Overseas travel ban to be lifted
A federal ban on Australians leaving the country could be lifted in some states by November, once the vaccination rate hits 80% of over-16s.
What we know:
- Federal cabinet last night discussed allowing people to leave the country using a travel pass linked to the Australian Immunisation Register downloaded to their phones (SMH);
- The border could open for people leaving states that have reached the 80% target even if others have not;
- Trade Minister Dan Tehan named New Zealand, the Pacific and Singapore as potential destinations;
- In a pre-recorded message to an expat awards ceremony, Prime Minister Scott Morrison pledged that home quarantine for Australians stranded overseas would be the norm by the end of the year (The Age);
- Returnees will need a TGA-recognised vaccine, with no plan specified for Australians who have had Chinese jabs approved by the World Health Organization but not Australia;
- Australia will finally support a push to waive intellectual property protections for Covid-19 vaccines, which has held back the rollout to poorer nations (ABC);
- Labor piled pressure on Health Minister Greg Hunt over new documents revealing he ignored an invitation from Pfizer to meet in June 2020 to discuss vaccine access (The Conversation).
NSW readies for new freedoms
NSW Premier Gladys Berejiklian will today outline the first freedoms granted when the state reaches its 70% double dose vaccination target, while many regional areas will leave lockdown this week.
What we know:
- Gyms, hairdressers, restaurants, cafes and pubs will be allowed to reopen at reduced capacities, with the vaccine target expected to be hit in less than six weeks (SMH);
- A trial of reopening venues in at least two local government areas with high vaccination rates and low case numbers is expected in early October;
- NSW reported 1480 new local Covid-19 cases and nine deaths on Wednesday;
- The Mid and North Coast of NSW, as well as areas across the Riverina and the Murrumbidgee regions will be released from lockdown on Friday (ABC);
- Lockdown will end at the same time in most of regional Victoria, with the exception of Greater Shepparton, as the state records 221 new local cases (SBS).
Climate cut from UK trade deal
The UK has buckled under Australian demands to remove specific climate change commitments from their free trade agreement.
A leaked email from a senior official in the UK’s Cabinet Office reveals “a reference to Paris Agreement temperature goals” would be dropped in order to “get the Australia FTA over the line” (Sky News).
The treaty will contain a reference to the Paris climate accord, but the reference to specific temperature commitments will be absent.
Greenpeace executive director John Sauven said “there should be a moratorium on trade deals with countries like Australia until they improve on their weak climate targets and end deforestation” (The New Daily).
It comes as a new study finds 95% of Australia’s coal and 35% of its gas must stay in the ground by 2050 for there to be any chance of limiting global warming to 1.5C (Nature).
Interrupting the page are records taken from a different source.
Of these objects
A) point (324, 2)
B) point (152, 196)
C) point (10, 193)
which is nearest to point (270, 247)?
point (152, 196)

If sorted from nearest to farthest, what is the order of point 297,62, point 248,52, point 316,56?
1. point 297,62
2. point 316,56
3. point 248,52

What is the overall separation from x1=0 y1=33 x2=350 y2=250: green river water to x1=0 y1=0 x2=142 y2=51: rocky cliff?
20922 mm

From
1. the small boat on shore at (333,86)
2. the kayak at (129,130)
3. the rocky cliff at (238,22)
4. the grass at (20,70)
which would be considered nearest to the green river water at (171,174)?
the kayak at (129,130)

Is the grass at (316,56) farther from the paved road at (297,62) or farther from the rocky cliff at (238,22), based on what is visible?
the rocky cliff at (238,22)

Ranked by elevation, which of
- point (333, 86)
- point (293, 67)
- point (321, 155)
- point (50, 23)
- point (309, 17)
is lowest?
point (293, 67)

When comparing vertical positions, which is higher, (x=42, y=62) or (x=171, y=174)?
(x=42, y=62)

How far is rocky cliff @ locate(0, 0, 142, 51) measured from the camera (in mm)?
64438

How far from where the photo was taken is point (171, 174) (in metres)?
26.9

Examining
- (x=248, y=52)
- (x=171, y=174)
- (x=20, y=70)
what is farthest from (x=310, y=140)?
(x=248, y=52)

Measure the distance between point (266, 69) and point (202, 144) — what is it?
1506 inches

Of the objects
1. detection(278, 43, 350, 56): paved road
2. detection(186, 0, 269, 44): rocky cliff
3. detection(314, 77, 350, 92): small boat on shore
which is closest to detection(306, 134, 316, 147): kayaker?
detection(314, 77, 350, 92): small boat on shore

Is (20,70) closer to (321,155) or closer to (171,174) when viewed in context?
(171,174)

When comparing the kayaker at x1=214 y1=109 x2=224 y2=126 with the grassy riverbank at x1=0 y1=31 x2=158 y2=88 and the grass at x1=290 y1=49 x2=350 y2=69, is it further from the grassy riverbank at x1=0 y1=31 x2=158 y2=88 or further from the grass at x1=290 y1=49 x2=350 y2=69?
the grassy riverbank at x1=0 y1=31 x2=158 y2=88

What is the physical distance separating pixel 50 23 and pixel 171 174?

Mexico decriminalises abortion
Mexico’s Supreme Court has decriminalised abortion, just as the US state of Texas enacts the toughest crackdown on terminations in decades.
In an unanimous ruling, Mexico’s highest court ruled that penalising abortion is unconstitutional (Reuters).
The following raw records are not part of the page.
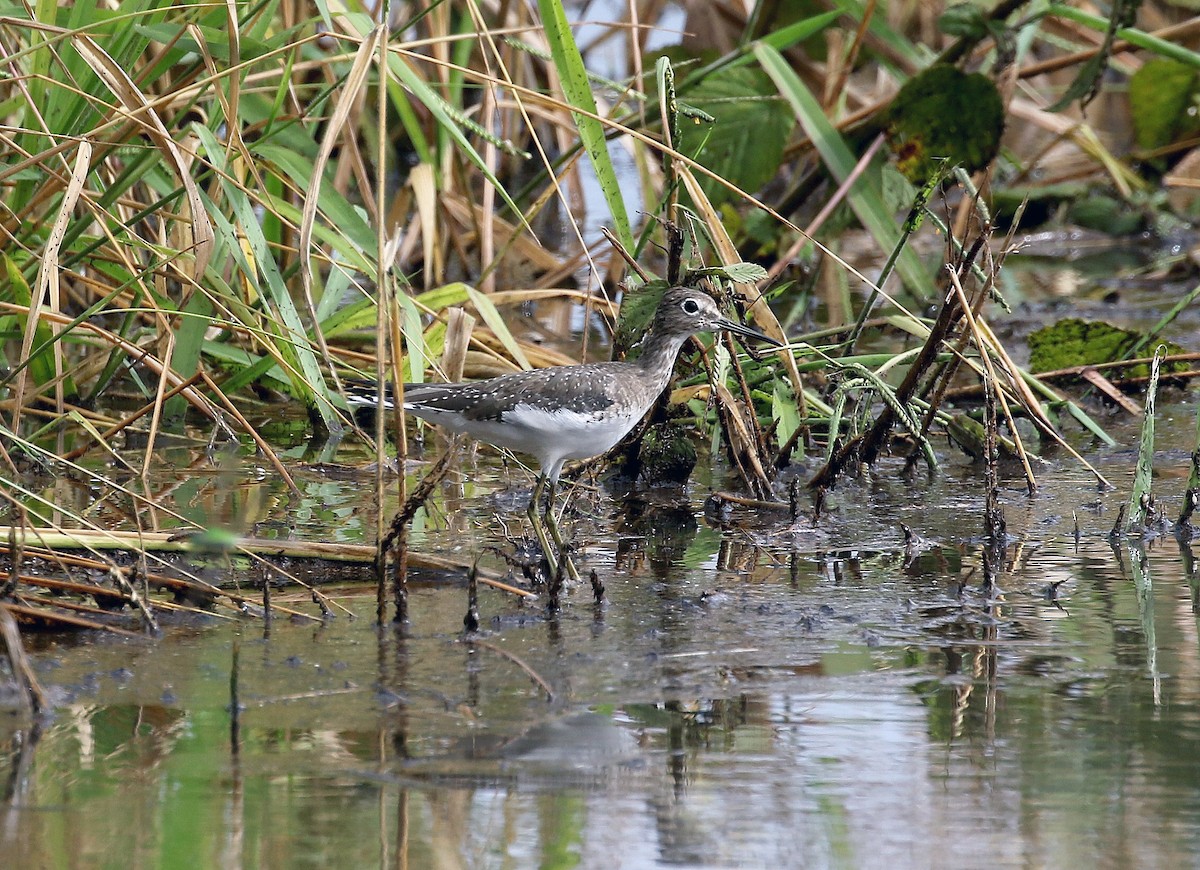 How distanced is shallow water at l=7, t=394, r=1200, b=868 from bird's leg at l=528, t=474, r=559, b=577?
0.17 meters

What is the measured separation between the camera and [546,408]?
16.9 feet

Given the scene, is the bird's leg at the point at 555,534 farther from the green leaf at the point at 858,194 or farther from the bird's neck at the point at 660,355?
the green leaf at the point at 858,194

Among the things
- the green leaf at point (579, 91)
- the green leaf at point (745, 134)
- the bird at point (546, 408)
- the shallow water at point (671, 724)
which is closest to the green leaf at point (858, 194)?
the green leaf at point (745, 134)

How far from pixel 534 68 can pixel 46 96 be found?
194 inches

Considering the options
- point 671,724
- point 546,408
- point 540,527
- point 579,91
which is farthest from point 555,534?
point 579,91

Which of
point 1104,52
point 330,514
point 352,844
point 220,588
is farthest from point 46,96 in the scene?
point 1104,52

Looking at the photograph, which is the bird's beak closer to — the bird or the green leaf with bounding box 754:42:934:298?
the bird

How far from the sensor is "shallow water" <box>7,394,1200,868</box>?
3.08m

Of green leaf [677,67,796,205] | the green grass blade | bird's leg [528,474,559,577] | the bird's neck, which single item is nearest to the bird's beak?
the bird's neck

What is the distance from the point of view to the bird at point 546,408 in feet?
16.7

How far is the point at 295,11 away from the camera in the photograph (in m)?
8.18

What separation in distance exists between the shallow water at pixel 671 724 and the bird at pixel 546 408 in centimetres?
38

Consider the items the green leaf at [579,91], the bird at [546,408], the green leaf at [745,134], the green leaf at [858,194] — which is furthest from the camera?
the green leaf at [745,134]

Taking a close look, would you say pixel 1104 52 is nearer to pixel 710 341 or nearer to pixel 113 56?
pixel 710 341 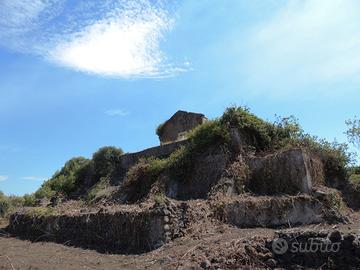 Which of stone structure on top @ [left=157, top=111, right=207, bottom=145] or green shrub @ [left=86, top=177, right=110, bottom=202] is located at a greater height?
stone structure on top @ [left=157, top=111, right=207, bottom=145]

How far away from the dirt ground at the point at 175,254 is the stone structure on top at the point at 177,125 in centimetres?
1290

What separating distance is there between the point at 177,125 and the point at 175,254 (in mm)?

Mexico’s growing feminist movement celebrated the decision, with women taking to the streets in Saltillo wearing green bandanas to symbolise the pro-choice movement.
The ruling may push women in Texas to travel south of the border to have abortions, after the US state enacted a sweeping ban on terminations after the first six weeks of pregnancy.
The US Supreme Court, which is now dominated by conservatives, declined to intervene, opening the way for Republican-ruled states to further roll back abortion access (The New Yorker).
Female sports ban threatens Afghan Test
The Taliban will not let women play sports including cricket, in a move that puts pressure on Australia to cancel an upcoming men’s Test match against Afghanistan.
“I don't think women will be allowed to play cricket because it is not necessary that women should play cricket,” said Ahmadullah Wasiq, of the Taliban’s cultural commission (SBS).
Wasiq is concerned that female cricketers may “face a situation where their face and body will not be covered”.
The International Cricket Council requires its full members to have a national women’s team and only full members are permitted to play test matches such as the match scheduled between Australia and Afghanistan in November.
Australia’s Trade Minister Dan Tehan described the ban on female sport as “incredibly, incredibly disappointing” and something “our sporting codes will have to think about”.
Members of the Afghanistan women’s cricket team said the Taliban had targeted them with threats (BBC).
Postscript: This Australian duck says ‘You bloody fool’ and can imitate other sounds
When biologist Carel ten Cate heard rumours of a talking duck in Australia, he brushed it off like a comical anecdote, like any sane human being. But his curiosity got the better of him, so he tracked down a well-respected Australian scientist who first noticed this phenomenon more than three decades ago (ZME Science).